Minister Berlakovich bei der Präsentation eines Elektroautos der Fa. Tesla im Frühjahr 2009 in Wien. Foto: Altmann (Bildquelle: )

„Wir wollen Mobilität nicht verbieten, sondern nachhaltige Alternativen anbieten. Elektromobilität ist eine solche Alternative. Dazu wurde der „Masterplan Elektromobilität“ vom Lebensministerium, Verkehrs- und dem Wirtschaftsministerium erarbeitet, der die konsequente Umsetzung zielgerichteter Maßnahmen beinhaltet, so Minister Berlakovich in einer Aussendung. Elektromobilität ist eine wesentliche Alternative, die den Klimasünder Verkehr einbremsen kann – an ihrer breiten Markteinführung arbeiten die zuständigen Ministerien gemeinsam mit der Forschung und der Wirtschaft in Österreich mit Hochdruck.“

Viele Vorteile bei Anschaffung eines Elektrofahrzeuges

Österreich verfolge im Gegensatz zu Deutschland die Strategie von Forschung und Entwicklung und der anwendungsorientierten Förderung von E-Mobilität mit erneuerbaren Energien, die einen wesentlichen Beitrag zur Reduktion der CO2-Emissionen des Verkehrs leistet. Zudem gebe es in Österreich bei der Anschaffung eines E-Fahrzeuges Steuererleichterungen bzw. –ausnahmen, wie den Wegfall der NoVA und der motorbezogenen Versicherungssteuer.
 
Das Lebensministerium forciere Elektromobilität in Österreich mit zahlreichen Maßnahmen:

  • Mit dem Förder- und Beratungsprogramm klima:aktiv mobil bietet das Lebensministerium kostenlose Beratung und attraktive Förderungen für Investitionen in alternative Fahrzeuge für Betriebe, Gemeinden, Städte und Verbände.

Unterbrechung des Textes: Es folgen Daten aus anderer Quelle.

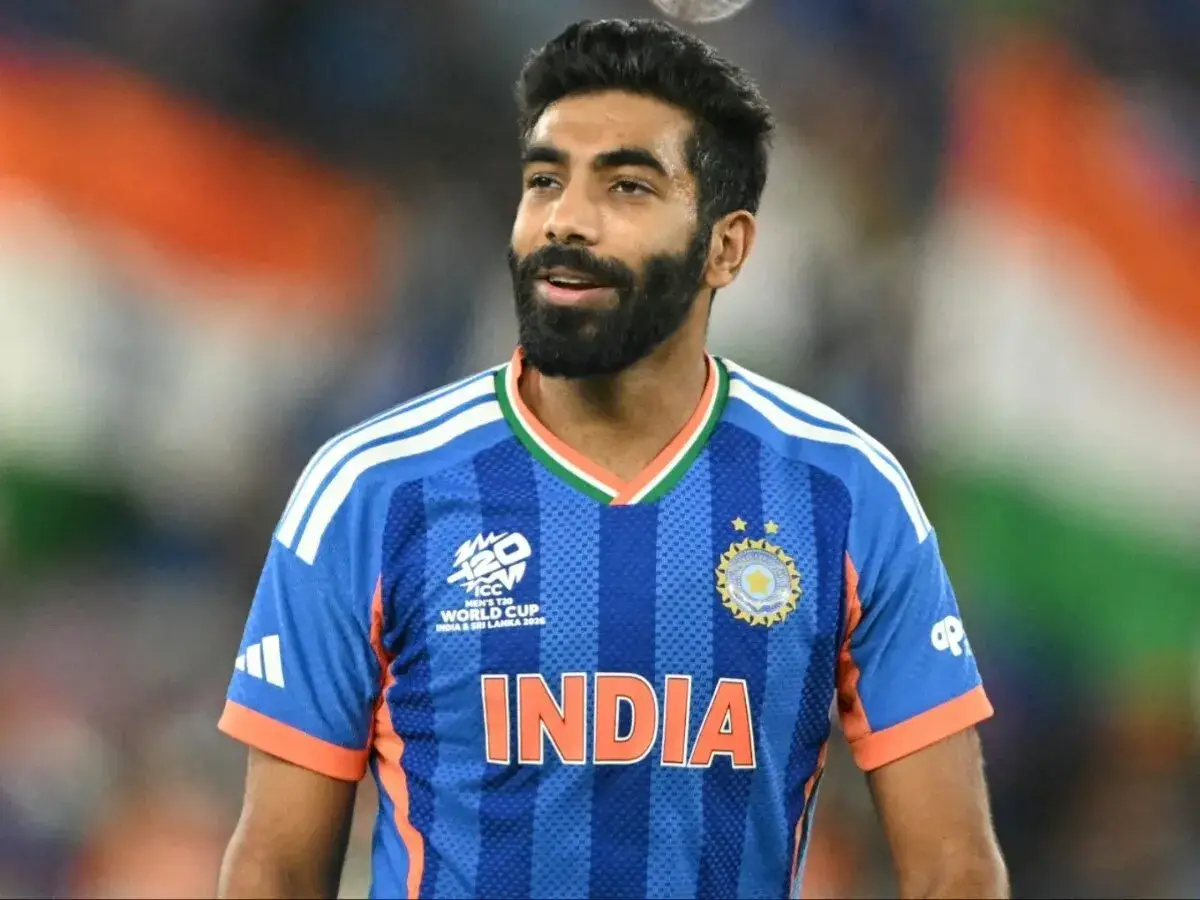 বুমরাহকে সব ফরম্যাটে না খেলানোর পরামর্শ শাস্ত্রীর
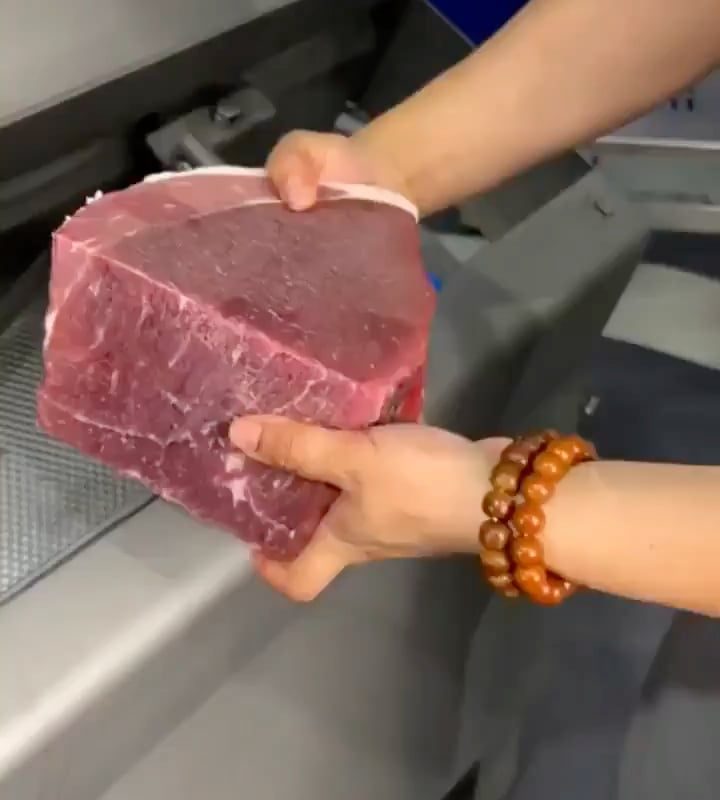 This meat slicer
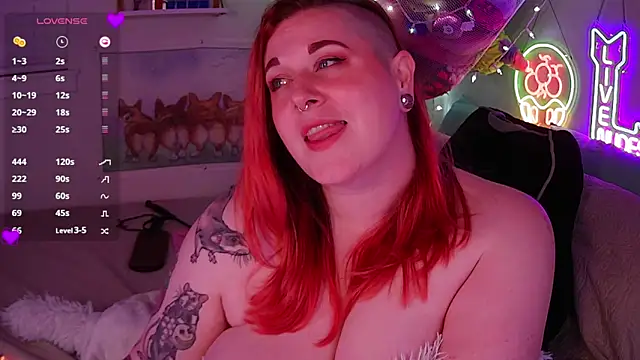 Snapshot of opalreigning chatting on October 10, 2025, 8:15 am opalreigning online show from October 10, 2025, 8:15 am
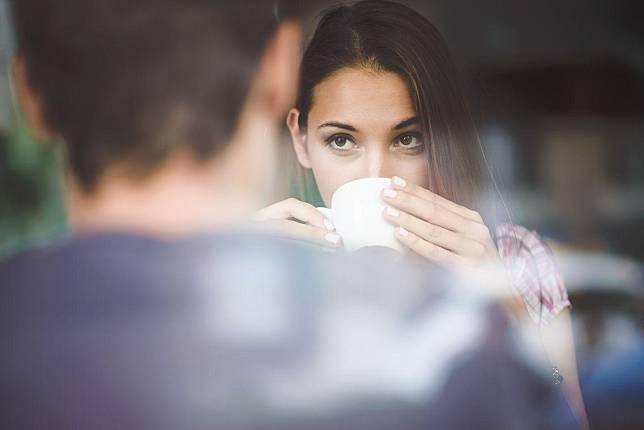 Naksir Sama Cewek Introvert Terus Takut Ditolak? Simak Nih, Tanda-tanda Kalo Dia Juga Suka Kamu!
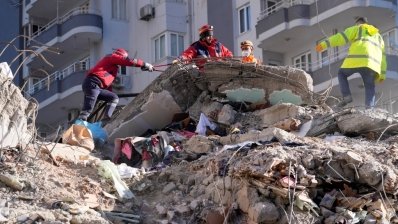 Bayer и Novartis отреагировали на землетрясение в Сирии и Турции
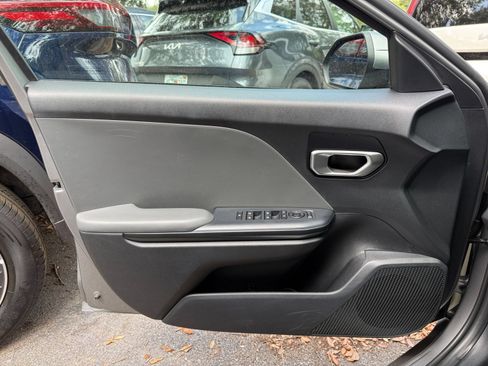 Used 2025 Kia K4 FWD image 18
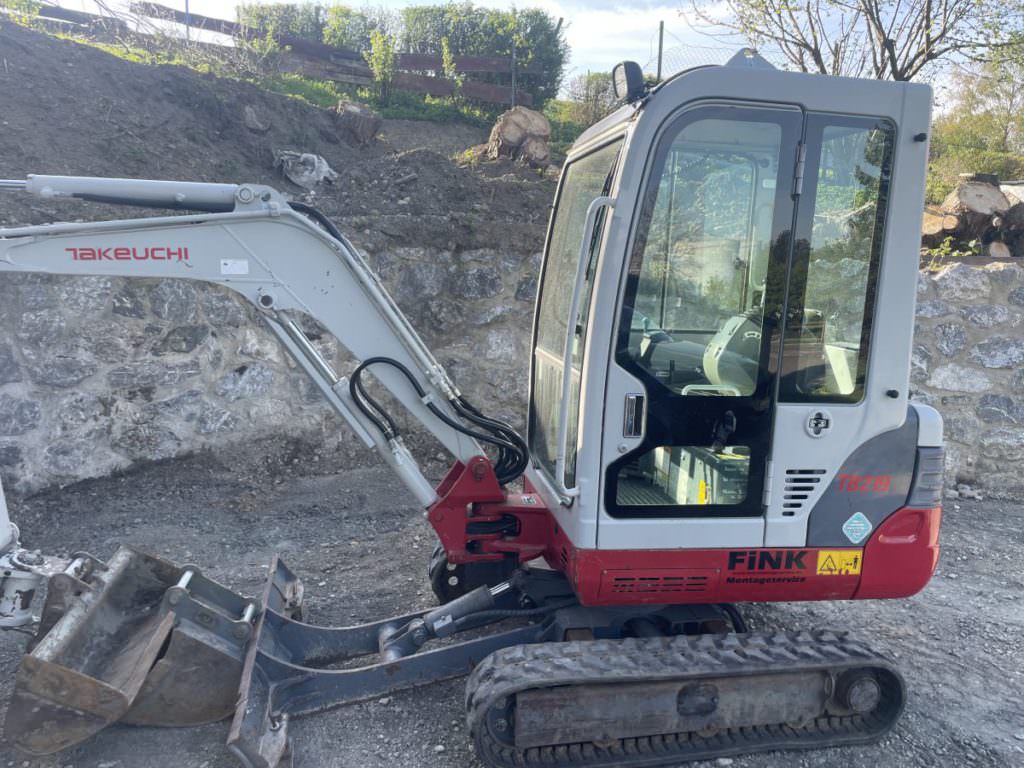 Minibagger Takeuchi Tb219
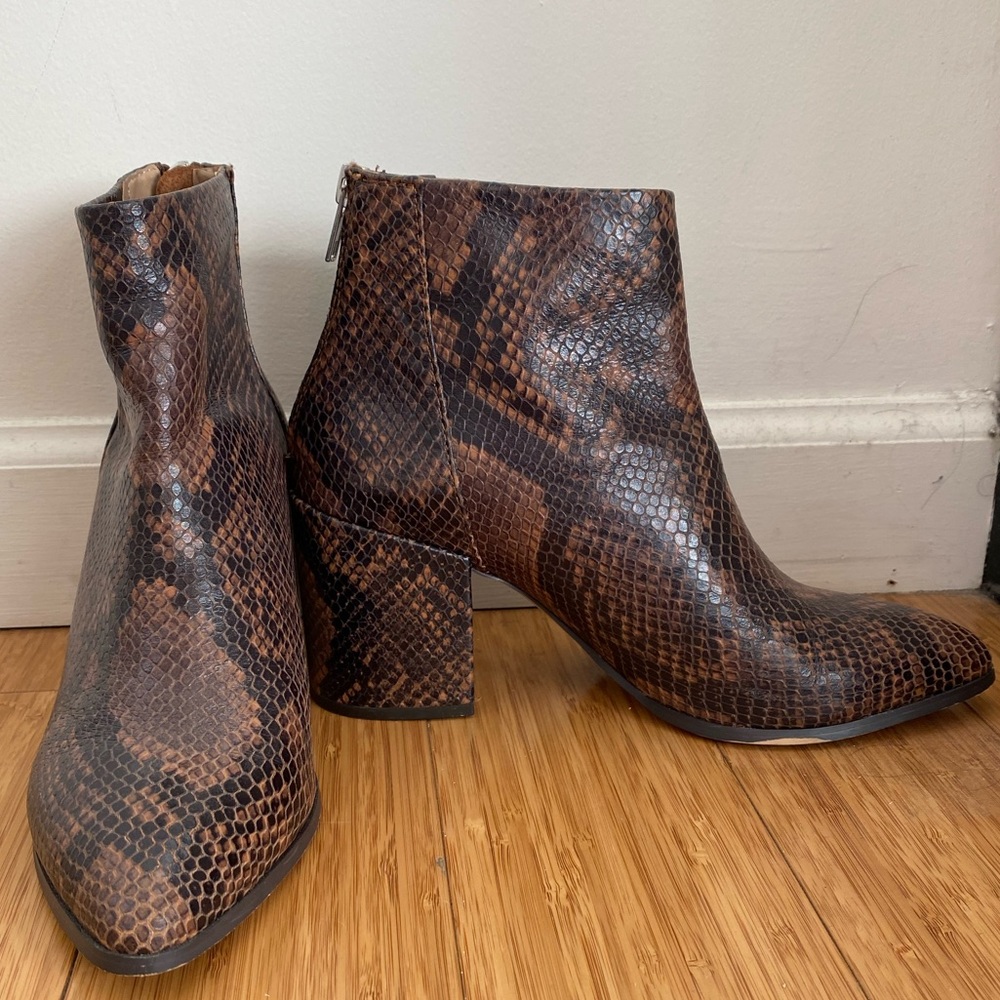 STEVE MADDEN JILLIAN Leather Snakeskin Bootie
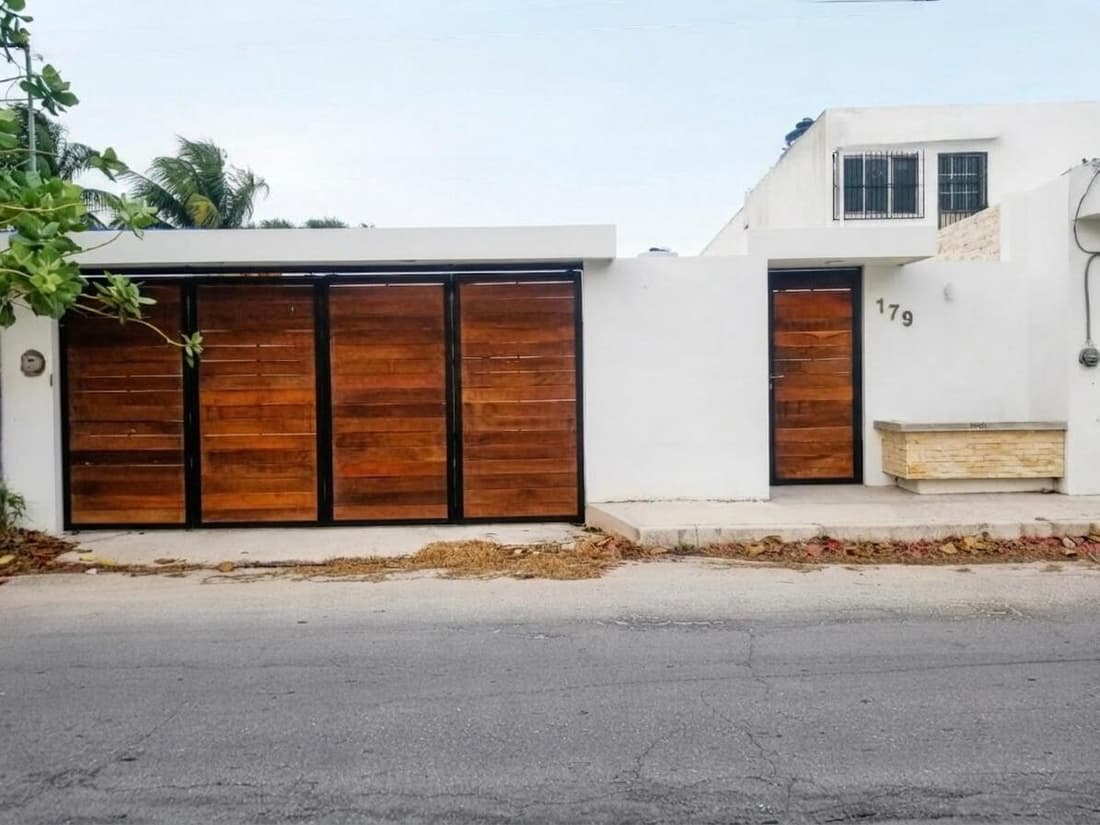 Minimalist house with pool and patio
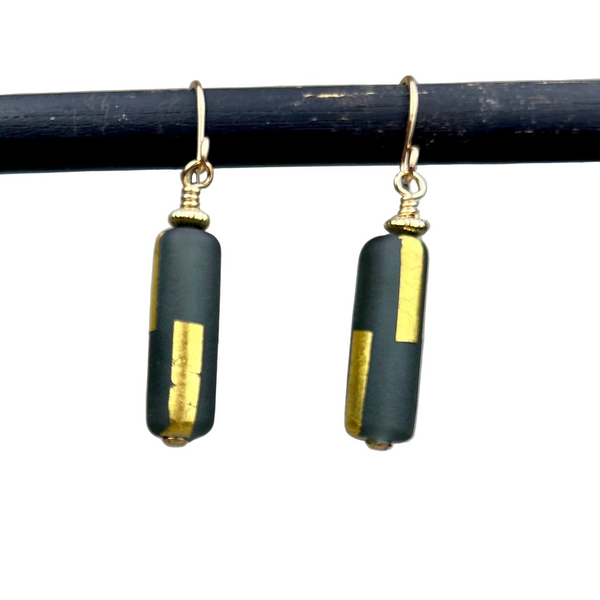 Gold line earrings - Black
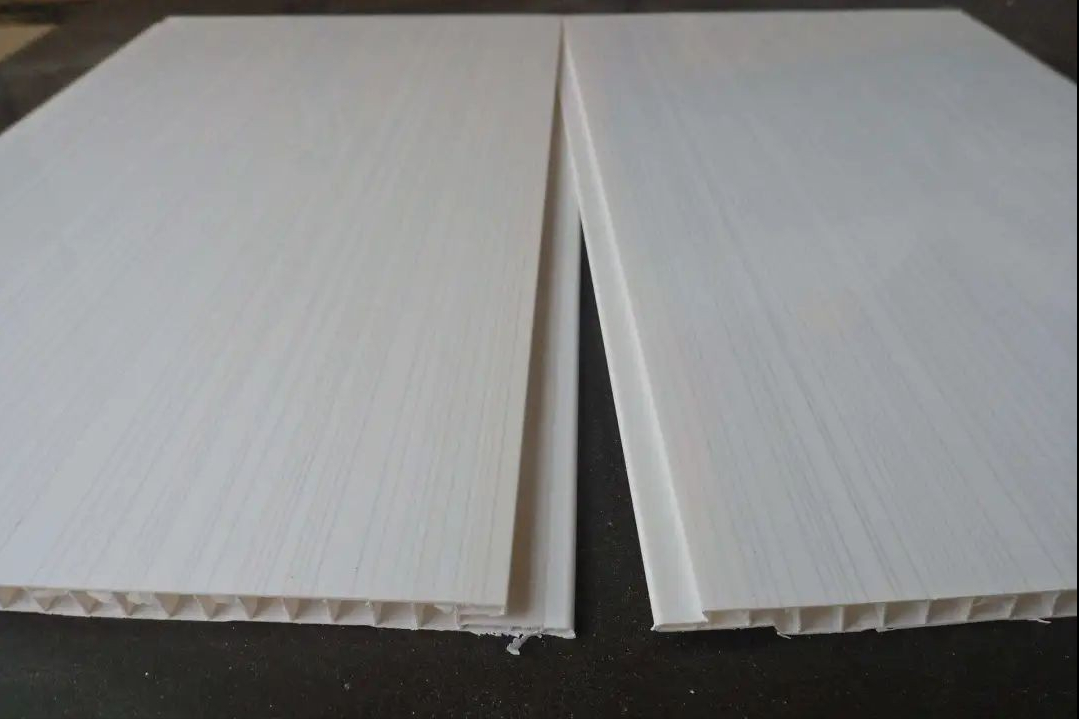 卫生间吊顶用什么材质？别听师傅瞎忽悠，铝扣板、石膏板都不差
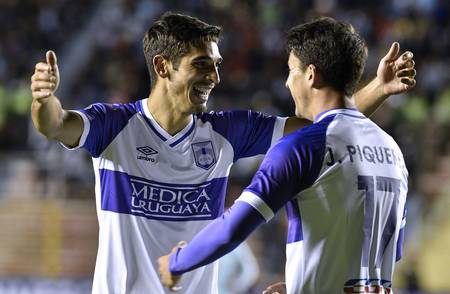 Martín Rabuñal y Joaquín Piquerez, tras el gol de Rabuñal ante Bolivar, en el estadio Hernando Siles de La Paz. · Foto: Aizar Raldes Martín Rabuñal y Joaquín Piquerez, tras el gol de Rabuñal ante Bolivar, en el estadio Hernando Siles de La Paz. · Foto: Aizar Raldes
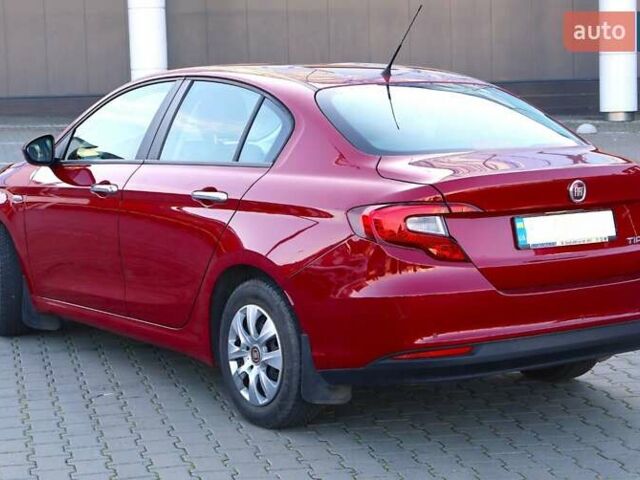 Фіат Тіпо 2020 у Києві на Automoto.ua Червоний Фіат Тіпо, об'ємом двигуна 1.37 л та пробігом 103 тис. км за 10500 $, фото 3 на Automoto.ua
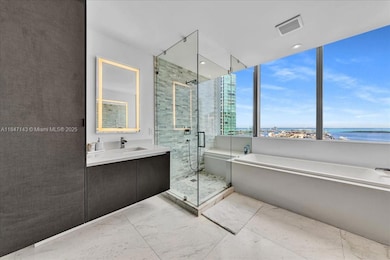 Paramount at Miami Worldcenter unit 3711, Miami, FL 33132 - photo 2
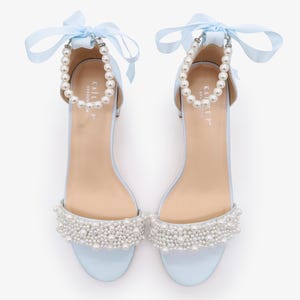 Sandalias de satén azul claro con tacón de bloque, apliques de perla y tiras de perlas, zapatos para niñas de las flores, zapatos de dama de honor, Something Blue imagen 4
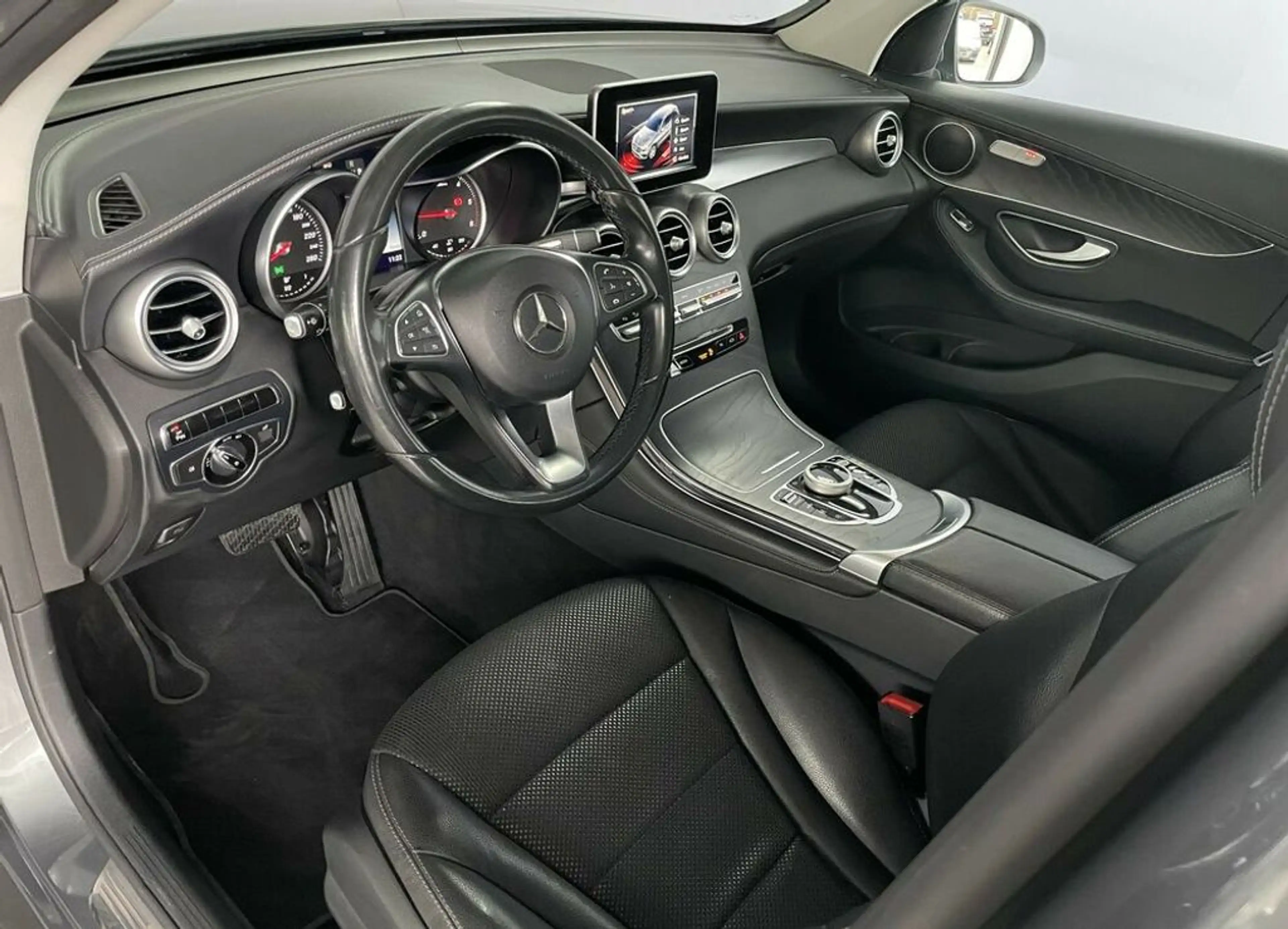 Mercedes-Benz GLC 250 d 4Matic *LED*LUFT*AHK*Kamera*Teilleder* — photo 8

Gefördert wird die Umstellung, aber auch die Umrüstung von Fahrzeugen auf alternative Antriebe und erneuerbare Kraftstoffe sowie Investitionen in die dazugehörenden Tankstellen. Bisher wurden über 1.900 klima:aktiv mobil Projekte zur Fuhrparkumstellung mit über 8,6 Mio. Euro unterstützt.
  • Darüber hinaus proben bereits 8 Modellregionen der E-Mobilität die Zukunft. Mehrere hundert E-Fahrzeuge und E-Ladestationen sind dort im Alltag in Betrieb und machen die Vorteile der E-Mobilität praktisch erfahrbar.
"Österreich ist damit europaweiter Vorreiter: die Modellregion Vorarlberg weist mit 110 E-Fahrzeugen auf 100.000 Einwohner die größte E-Fahrzeugdichte Europas auf, so der Minister.